EXERCISE PROMPT
Restrict the output to the lines below starting at the one that contains "热玛吉的功效作用及副作用有什么?要注意哪些呢?" and ending at the one that contains "O primeiro passo: Diagnóstico", and restate them word for word, both ends included.

SUPPLIED DATA START

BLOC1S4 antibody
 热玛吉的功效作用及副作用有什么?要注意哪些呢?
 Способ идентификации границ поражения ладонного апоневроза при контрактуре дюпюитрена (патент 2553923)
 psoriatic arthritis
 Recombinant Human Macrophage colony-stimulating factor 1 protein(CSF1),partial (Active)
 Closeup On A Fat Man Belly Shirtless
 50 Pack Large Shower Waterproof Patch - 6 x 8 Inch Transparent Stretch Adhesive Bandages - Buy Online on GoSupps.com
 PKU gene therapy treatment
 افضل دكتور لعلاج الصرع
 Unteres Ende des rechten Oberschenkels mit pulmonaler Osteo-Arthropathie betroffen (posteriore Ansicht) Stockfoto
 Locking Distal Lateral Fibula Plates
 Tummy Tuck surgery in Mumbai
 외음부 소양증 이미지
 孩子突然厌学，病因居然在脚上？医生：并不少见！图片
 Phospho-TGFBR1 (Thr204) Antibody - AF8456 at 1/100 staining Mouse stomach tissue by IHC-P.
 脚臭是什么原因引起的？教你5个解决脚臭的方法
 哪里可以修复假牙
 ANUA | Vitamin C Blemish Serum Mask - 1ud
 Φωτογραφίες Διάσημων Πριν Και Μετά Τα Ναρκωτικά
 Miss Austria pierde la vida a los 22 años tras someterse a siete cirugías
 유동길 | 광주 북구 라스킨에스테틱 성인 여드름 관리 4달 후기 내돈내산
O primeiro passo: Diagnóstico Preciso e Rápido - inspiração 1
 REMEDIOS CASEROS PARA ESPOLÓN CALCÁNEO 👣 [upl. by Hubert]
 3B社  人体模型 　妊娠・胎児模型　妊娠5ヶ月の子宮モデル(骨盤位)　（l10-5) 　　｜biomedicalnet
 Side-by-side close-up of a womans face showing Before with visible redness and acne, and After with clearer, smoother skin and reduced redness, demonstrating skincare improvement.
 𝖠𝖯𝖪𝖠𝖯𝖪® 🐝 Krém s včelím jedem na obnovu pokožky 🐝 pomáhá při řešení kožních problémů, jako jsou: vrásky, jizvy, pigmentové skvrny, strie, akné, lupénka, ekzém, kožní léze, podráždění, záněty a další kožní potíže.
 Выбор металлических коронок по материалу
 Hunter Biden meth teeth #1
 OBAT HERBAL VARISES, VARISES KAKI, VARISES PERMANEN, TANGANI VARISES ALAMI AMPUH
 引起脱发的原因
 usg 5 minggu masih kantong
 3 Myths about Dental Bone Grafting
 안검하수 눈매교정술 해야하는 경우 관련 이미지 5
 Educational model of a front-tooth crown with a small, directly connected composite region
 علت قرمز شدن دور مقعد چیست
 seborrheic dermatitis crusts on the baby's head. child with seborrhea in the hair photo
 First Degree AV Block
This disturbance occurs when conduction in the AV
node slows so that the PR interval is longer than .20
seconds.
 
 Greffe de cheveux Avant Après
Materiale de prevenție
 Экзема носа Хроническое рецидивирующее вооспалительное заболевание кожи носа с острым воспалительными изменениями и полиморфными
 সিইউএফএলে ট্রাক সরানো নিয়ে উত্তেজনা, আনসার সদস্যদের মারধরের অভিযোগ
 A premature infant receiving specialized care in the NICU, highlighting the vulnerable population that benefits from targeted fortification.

SUPPLIED DATA END

THE COMPLETED TASK
 热玛吉的功效作用及副作用有什么?要注意哪些呢?
 Способ идентификации границ поражения ладонного апоневроза при контрактуре дюпюитрена (патент 2553923)
 psoriatic arthritis
 Recombinant Human Macrophage colony-stimulating factor 1 protein(CSF1),partial (Active)
 Closeup On A Fat Man Belly Shirtless
 50 Pack Large Shower Waterproof Patch - 6 x 8 Inch Transparent Stretch Adhesive Bandages - Buy Online on GoSupps.com
 PKU gene therapy treatment
 افضل دكتور لعلاج الصرع
 Unteres Ende des rechten Oberschenkels mit pulmonaler Osteo-Arthropathie betroffen (posteriore Ansicht) Stockfoto
 Locking Distal Lateral Fibula Plates
 Tummy Tuck surgery in Mumbai
 외음부 소양증 이미지
 孩子突然厌学，病因居然在脚上？医生：并不少见！图片
 Phospho-TGFBR1 (Thr204) Antibody - AF8456 at 1/100 staining Mouse stomach tissue by IHC-P.
 脚臭是什么原因引起的？教你5个解决脚臭的方法
 哪里可以修复假牙
 ANUA | Vitamin C Blemish Serum Mask - 1ud
 Φωτογραφίες Διάσημων Πριν Και Μετά Τα Ναρκωτικά
 Miss Austria pierde la vida a los 22 años tras someterse a siete cirugías
 유동길 | 광주 북구 라스킨에스테틱 성인 여드름 관리 4달 후기 내돈내산
O primeiro passo: Diagnóstico Preciso e Rápido - inspiração 1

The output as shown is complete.